═══ Dataset records

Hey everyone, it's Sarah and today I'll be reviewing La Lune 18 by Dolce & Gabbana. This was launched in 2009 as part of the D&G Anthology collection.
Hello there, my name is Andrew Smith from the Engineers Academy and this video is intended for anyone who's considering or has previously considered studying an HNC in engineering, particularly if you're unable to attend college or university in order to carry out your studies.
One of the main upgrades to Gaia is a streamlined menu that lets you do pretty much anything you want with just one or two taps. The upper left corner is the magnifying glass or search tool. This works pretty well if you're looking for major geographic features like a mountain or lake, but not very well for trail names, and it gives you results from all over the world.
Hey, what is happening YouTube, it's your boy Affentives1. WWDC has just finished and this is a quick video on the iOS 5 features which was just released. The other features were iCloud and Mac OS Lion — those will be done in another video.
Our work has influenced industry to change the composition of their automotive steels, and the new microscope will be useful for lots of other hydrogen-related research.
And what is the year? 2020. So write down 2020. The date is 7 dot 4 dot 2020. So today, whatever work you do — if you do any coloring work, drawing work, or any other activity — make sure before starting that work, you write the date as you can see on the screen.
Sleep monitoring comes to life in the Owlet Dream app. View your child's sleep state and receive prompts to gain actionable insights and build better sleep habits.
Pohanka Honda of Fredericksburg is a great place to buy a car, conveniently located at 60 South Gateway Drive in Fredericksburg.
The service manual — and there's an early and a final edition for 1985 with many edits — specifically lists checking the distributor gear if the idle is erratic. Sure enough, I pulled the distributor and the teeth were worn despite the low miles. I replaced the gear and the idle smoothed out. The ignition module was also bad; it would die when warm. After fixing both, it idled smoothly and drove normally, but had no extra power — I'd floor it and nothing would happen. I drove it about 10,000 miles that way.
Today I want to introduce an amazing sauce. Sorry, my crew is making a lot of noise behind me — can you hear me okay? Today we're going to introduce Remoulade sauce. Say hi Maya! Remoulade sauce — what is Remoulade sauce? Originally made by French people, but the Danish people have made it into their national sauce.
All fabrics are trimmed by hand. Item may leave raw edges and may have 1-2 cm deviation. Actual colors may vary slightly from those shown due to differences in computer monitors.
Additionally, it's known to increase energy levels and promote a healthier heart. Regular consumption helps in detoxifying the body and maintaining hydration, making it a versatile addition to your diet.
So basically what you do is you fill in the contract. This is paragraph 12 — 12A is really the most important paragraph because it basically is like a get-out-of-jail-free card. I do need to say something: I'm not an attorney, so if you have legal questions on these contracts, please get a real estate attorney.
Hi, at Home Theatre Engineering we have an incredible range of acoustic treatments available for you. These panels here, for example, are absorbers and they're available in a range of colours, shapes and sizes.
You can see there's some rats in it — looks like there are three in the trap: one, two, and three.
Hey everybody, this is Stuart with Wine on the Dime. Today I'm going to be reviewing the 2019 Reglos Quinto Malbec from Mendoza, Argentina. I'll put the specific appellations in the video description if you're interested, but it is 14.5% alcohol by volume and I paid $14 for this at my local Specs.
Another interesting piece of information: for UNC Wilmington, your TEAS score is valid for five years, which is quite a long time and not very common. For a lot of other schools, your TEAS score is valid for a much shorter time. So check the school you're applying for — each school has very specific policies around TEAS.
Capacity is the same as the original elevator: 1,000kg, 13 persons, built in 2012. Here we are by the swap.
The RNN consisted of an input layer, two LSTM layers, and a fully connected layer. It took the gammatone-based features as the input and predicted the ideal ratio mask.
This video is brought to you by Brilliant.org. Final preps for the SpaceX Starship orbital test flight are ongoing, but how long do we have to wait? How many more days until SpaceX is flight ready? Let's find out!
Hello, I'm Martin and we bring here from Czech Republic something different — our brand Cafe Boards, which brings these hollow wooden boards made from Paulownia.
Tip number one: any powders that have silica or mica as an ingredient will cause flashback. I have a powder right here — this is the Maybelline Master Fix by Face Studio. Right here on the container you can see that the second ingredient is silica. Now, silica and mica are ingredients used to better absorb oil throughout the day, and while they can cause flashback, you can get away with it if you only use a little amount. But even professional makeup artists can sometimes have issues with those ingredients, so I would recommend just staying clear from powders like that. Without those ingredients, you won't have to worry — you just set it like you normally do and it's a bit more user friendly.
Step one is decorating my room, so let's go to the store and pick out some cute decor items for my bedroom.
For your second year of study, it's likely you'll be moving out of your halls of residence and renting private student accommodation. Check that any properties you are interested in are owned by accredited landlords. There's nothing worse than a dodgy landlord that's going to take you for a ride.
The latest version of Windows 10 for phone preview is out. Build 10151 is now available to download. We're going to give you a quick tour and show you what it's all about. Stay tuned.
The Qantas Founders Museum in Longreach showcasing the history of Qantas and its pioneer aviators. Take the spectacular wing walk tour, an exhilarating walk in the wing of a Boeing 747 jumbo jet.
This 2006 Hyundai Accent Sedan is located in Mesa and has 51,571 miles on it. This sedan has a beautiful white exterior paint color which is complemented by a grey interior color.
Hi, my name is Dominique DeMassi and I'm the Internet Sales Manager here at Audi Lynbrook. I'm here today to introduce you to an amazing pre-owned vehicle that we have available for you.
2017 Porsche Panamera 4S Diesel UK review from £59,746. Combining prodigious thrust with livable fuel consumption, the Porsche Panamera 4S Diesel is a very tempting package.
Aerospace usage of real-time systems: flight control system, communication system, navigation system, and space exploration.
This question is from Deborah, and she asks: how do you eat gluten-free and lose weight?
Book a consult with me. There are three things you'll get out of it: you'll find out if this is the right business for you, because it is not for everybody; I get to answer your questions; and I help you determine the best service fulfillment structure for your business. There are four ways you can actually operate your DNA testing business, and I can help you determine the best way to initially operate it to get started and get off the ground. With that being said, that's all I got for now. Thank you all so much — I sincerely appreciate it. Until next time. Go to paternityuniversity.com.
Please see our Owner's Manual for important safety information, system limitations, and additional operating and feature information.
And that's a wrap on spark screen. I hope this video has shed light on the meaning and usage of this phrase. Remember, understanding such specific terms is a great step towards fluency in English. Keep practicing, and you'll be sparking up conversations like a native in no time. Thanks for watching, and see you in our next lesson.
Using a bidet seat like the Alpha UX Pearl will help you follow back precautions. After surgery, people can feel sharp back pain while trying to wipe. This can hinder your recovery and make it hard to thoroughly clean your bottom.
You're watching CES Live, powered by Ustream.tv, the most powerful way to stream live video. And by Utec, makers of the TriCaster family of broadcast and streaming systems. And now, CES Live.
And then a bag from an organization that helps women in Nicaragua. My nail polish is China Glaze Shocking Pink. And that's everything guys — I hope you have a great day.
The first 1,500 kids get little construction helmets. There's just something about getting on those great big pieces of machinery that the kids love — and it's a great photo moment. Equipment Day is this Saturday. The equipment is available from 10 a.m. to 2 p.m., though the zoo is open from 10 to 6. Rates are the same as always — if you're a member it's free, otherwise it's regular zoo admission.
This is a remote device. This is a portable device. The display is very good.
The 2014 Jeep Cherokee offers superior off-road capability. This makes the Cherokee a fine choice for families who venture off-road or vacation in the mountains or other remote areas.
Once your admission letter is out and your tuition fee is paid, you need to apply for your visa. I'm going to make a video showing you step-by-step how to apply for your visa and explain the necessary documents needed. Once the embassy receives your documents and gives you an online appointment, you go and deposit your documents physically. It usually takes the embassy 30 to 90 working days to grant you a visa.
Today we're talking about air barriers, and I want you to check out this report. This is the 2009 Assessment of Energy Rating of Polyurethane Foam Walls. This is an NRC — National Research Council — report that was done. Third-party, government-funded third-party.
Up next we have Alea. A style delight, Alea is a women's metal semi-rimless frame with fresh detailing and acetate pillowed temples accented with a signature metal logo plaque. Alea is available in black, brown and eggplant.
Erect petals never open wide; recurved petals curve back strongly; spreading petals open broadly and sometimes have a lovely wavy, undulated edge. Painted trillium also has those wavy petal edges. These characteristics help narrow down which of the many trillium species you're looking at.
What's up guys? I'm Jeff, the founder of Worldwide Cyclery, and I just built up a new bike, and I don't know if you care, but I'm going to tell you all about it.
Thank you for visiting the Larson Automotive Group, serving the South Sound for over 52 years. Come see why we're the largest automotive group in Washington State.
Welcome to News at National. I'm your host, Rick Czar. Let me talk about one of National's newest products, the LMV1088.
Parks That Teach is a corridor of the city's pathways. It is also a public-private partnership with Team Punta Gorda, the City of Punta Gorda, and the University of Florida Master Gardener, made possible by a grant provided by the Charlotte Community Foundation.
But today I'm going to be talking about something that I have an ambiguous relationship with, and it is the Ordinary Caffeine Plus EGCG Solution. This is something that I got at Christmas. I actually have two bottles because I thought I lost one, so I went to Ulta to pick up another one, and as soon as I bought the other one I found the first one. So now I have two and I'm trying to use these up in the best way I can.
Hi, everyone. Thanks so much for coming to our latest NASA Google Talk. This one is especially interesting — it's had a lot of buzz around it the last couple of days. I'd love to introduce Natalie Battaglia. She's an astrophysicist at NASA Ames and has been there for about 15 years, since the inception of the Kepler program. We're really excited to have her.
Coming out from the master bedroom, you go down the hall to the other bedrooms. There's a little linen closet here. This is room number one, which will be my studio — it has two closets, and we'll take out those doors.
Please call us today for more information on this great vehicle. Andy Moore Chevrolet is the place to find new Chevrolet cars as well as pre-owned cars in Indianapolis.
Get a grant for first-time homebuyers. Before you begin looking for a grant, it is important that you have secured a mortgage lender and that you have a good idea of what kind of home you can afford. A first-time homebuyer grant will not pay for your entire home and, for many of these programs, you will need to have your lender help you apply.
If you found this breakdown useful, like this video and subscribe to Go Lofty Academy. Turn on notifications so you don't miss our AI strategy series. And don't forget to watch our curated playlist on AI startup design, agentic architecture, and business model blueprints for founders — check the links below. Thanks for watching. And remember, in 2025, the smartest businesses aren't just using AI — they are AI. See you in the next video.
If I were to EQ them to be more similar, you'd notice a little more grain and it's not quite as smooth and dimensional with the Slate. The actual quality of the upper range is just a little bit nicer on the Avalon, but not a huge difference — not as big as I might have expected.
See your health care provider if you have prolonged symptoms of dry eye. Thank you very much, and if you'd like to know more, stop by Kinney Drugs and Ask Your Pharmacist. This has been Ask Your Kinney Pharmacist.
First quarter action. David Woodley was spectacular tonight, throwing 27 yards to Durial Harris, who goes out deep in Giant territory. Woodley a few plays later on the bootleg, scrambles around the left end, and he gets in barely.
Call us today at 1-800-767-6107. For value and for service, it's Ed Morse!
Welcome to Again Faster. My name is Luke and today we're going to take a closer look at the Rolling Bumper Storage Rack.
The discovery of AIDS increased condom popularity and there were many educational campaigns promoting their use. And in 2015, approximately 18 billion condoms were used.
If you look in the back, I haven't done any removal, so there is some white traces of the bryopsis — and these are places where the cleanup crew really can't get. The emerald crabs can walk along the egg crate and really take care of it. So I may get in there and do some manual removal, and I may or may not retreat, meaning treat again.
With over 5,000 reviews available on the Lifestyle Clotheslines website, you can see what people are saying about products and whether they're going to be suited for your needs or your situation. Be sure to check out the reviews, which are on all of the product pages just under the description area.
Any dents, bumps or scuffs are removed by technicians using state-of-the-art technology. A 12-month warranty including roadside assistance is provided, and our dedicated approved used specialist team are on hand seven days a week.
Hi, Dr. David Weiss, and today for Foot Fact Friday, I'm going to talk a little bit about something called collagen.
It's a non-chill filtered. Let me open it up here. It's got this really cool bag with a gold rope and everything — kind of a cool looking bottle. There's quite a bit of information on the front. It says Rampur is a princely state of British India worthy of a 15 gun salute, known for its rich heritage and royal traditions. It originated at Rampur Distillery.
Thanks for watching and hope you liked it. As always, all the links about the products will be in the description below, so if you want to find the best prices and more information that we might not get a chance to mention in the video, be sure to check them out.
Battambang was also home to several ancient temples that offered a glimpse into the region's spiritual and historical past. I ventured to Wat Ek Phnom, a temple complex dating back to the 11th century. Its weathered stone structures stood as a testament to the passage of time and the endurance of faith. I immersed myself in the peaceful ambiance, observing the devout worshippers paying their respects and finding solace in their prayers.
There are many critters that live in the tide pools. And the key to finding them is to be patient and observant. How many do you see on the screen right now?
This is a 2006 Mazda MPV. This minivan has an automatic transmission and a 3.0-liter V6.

══════

Required action →
Lines from the entries that contain the string "bedroom" must be found and copied.

Task solution →
Step one is decorating my room, so let's go to the store and pick out some cute decor items for my bedroom.
Coming out from the master bedroom, you go down the hall to the other bedrooms. There's a little linen closet here. This is room number one, which will be my studio — it has two closets, and we'll take out those doors.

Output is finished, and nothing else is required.